Anyhoo, moving on to other Tony categories . . . where the hell are my people? Where are the Cohens and the Rothsteins and the Schiowitzes and the Bermans? This year gives us names like Brooks and Nyong’o and Pigott-Smith and the erotic-sounding Sengbloh. Don’t get me wrong; I’m all for diversity. But it’s not so diverse if Jews are virtually absent.

Thank God, thanks to Hamilton, we do have a featured actor in a musical: Daveed Diggs. Yes, he’s a schvartz, but his parents gave him the Hebrew name for David because he’s half schvartz and half-Jewish. So I’d let him marry half my daughter. And speaking of halvsies, hooray for Sophie Okonedo, the celebrated British actress who already won a Tony for A Raisin in the Sun two seasons ago. Yes, she looks black, but there’s cholent under the chitlins! Okonedo’s mom is a Jewish Pilates teacher, and her parents were emigrants from Eastern Europe who spoke Yiddish! As Wikipedia notes, Okonedo’s father took a powder, and her single mom raised her in unavoidable poverty, but, says the actress, “We always had books.” If that isn’t Jewish, I don’t know what is. Well, a synagogue is Jewish; that kind of is. And Hebrew. And mezuzahs, but you know what I’m saying.

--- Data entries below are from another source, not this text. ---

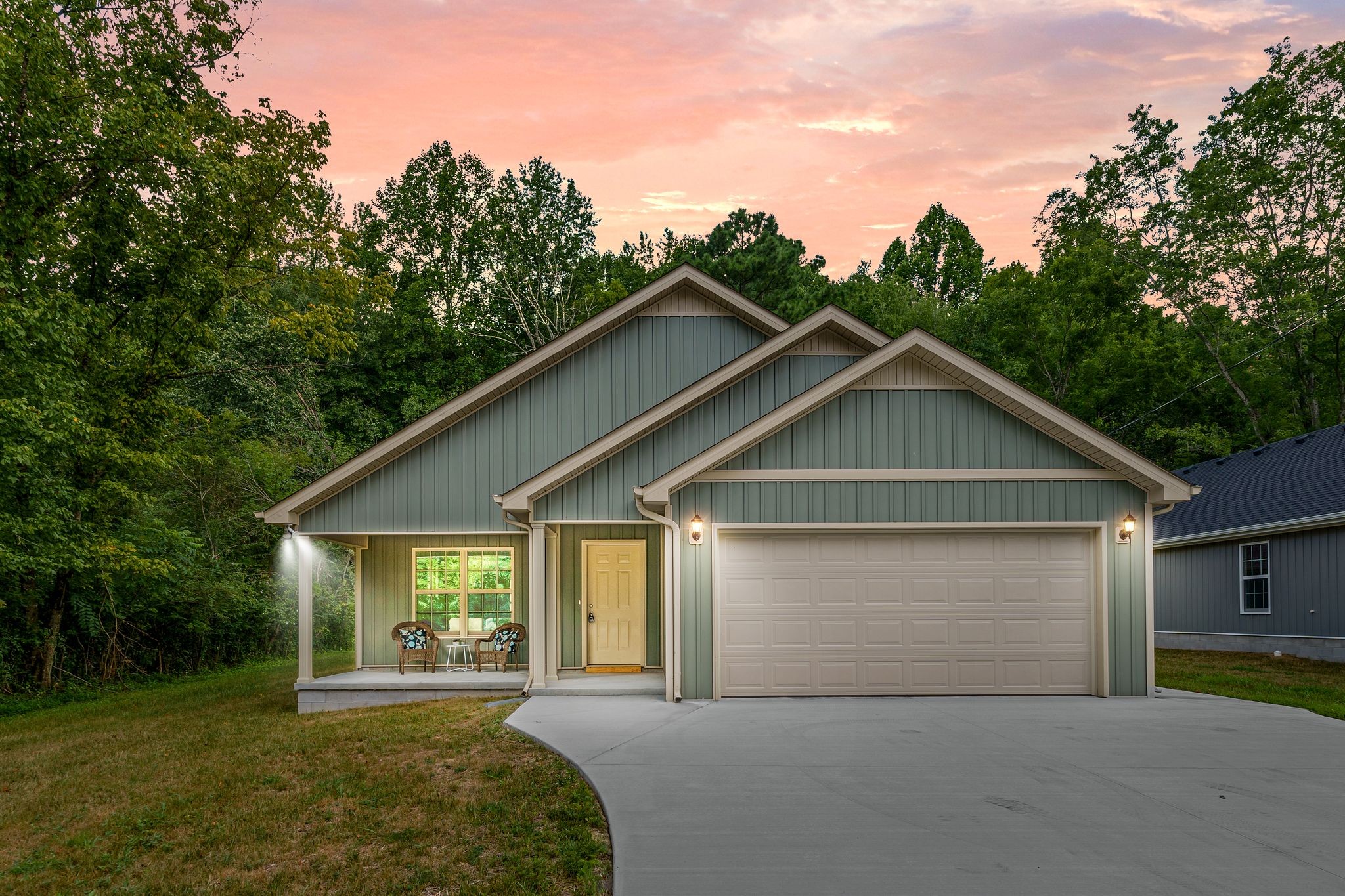 275 Fredonia Rd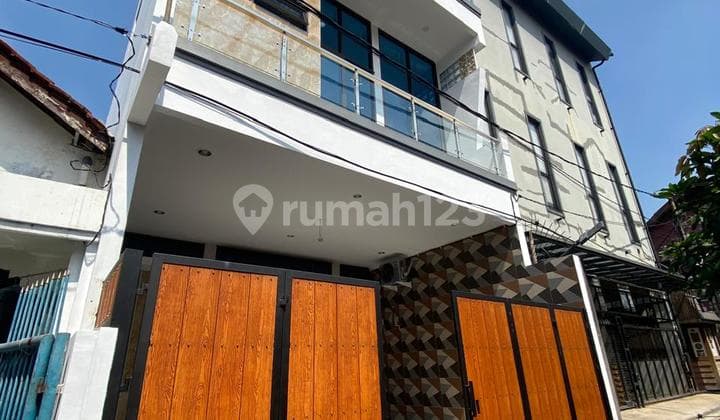 Rumah Minimalis Modern Di Tebet Shm Bebas Banjirm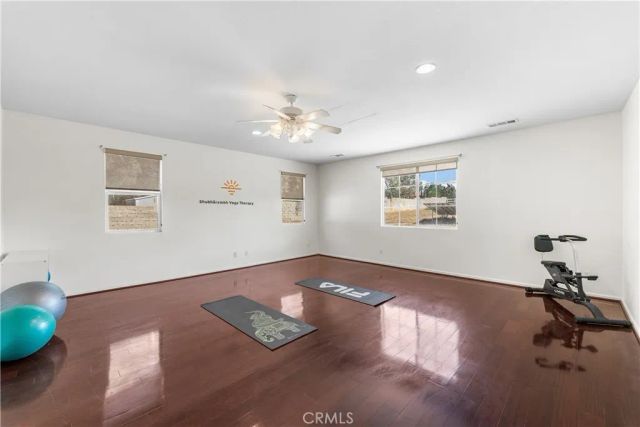 658 E Lago Lindo Rd, Palmdale, CA 93550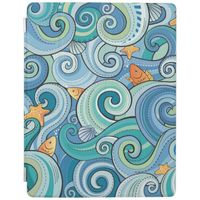 Fish Among The Waves Pattern. Regalos, Gifts. #carcasas #cases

The wonderful lesson that we take from Daveed Diggs and Sophie Okonedo is that we can integrate, we can intermarry but not lose the spark of Yiddishkeit. We will no longer look the same or sound the same. And we will probably have better hair. But Jewish upbringing, connection, and belief need not go by the wayside, even if our people are far away from Bayside.

And so, on Tony night, when Lin-Manuel Miranda is giving his 32nd speech about inclusion, please remember that we are not as excluded as it might first appear. Just look at the best-musical nominees: Hamilton, School of Rock, Shuffle Along, Waitress, and Bright Star. Hamilton deals with money, which Jews are always worried about; School of Rock concerns education, which is sacred to us; Shuffle Along is what every Jew over 70 does, and Waitress is what we all holler in a restaurant. As for Steve Martin and Edie Brickell’s Bright Star, who’s to say it isn’t six-pointed?

This has been a Rabbinical Reflection from Rabbi Sol Solomon, Temple Sons of Bitches, in Great Neck, New York. On with the Tony show!